_TASK DETAILS_: Return only the lines from the one that contains "しろいぬのお祝いスタンプ（個別スタンプ：6）" through the last line of the records below, exactly as they stand. Pictures are not part of the copy.

[Captioned web images]
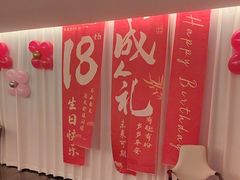 -香丰阁·烤鸭·川湘菜(清河店)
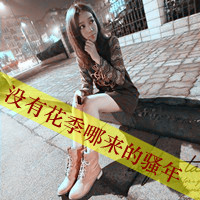 带字伤感的QQ女生头像合集 共48张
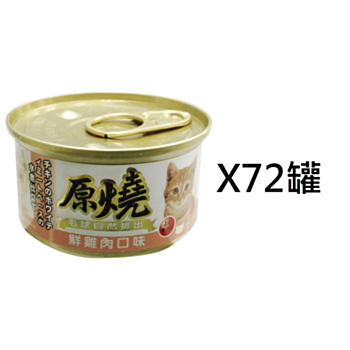 80克原燒雞肉腸胃去毛球貓罐頭x72罐(平均為$7.29罐)
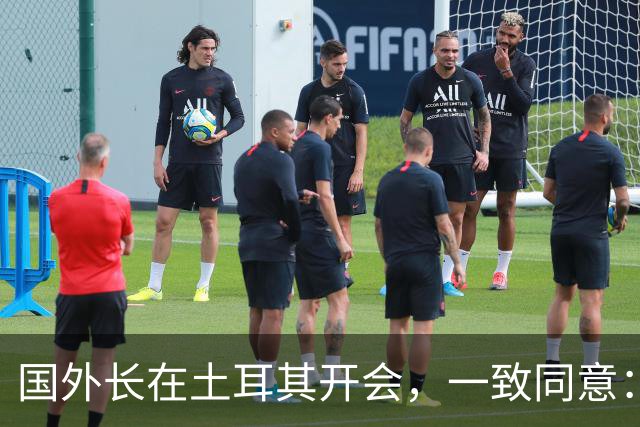 国外长在土耳其开会，一致同意：立即停战！
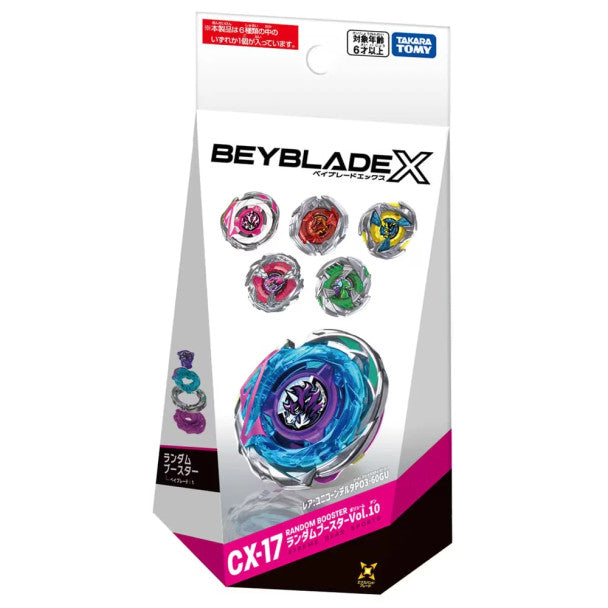 TAKARA TOMY Beyblade X Random Booster Vol. 10 CX-17 (1pcs)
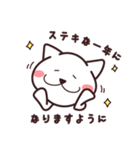 しろいぬのお祝いスタンプ（個別スタンプ：6）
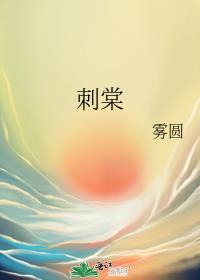 捡来的师兄入魔了百度百科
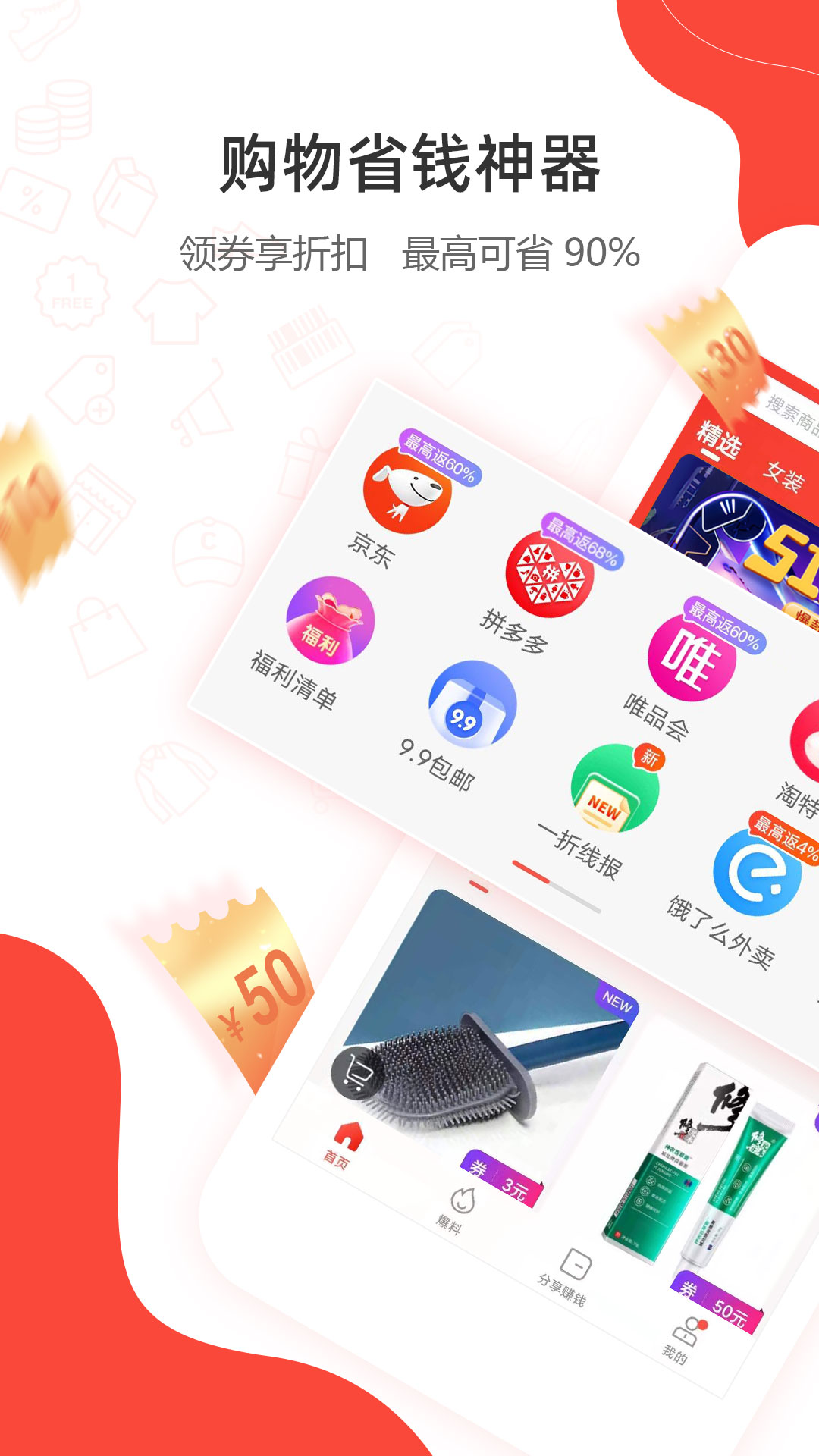 一折特卖app 官方下载手机软件app截图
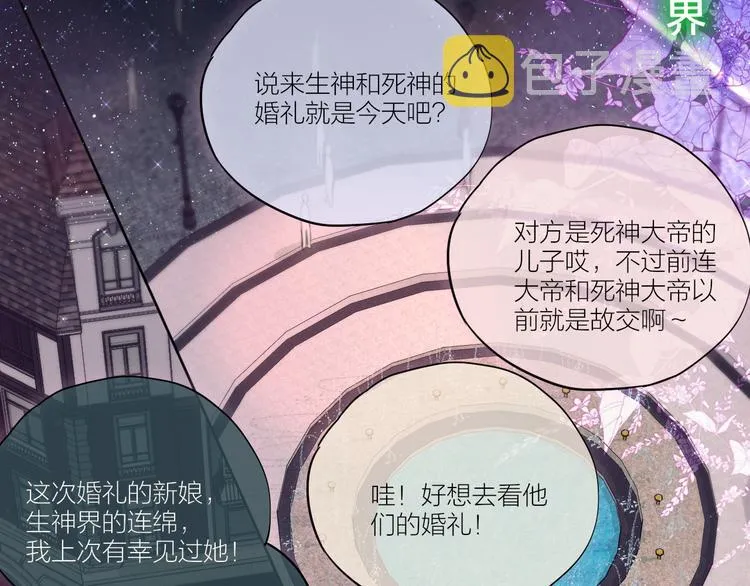 番外一 婚礼（下） 第27页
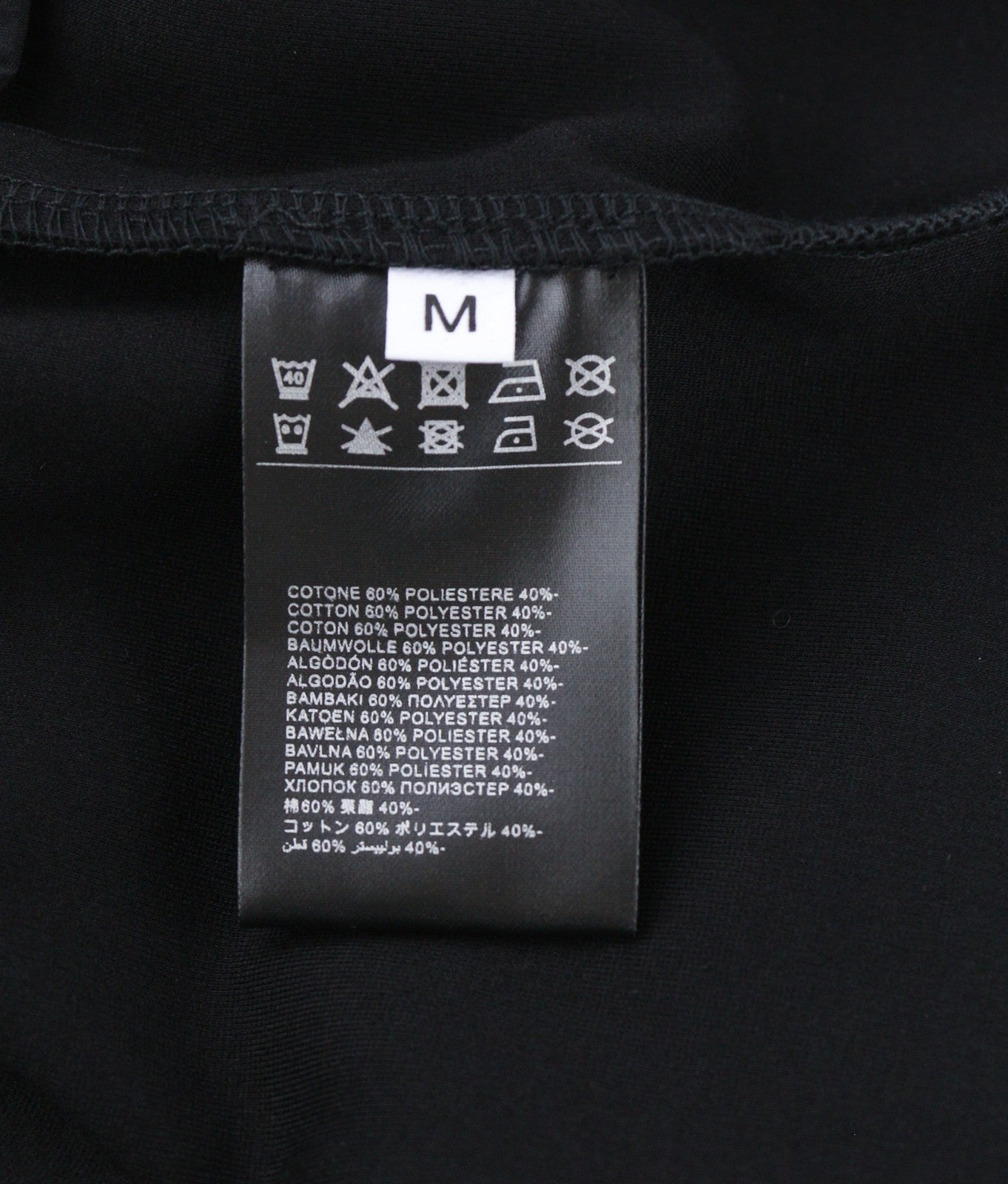 JOHN RICHMOND Men's Pants M Black Elastic Waist All Season Logo Pocketed Fit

_WRITTEN REPLY_:
 しろいぬのお祝いスタンプ（個別スタンプ：6）
 捡来的师兄入魔了百度百科
 一折特卖app 官方下载手机软件app截图
 番外一 婚礼（下） 第27页
 JOHN RICHMOND Men's Pants M Black Elastic Waist All Season Logo Pocketed Fit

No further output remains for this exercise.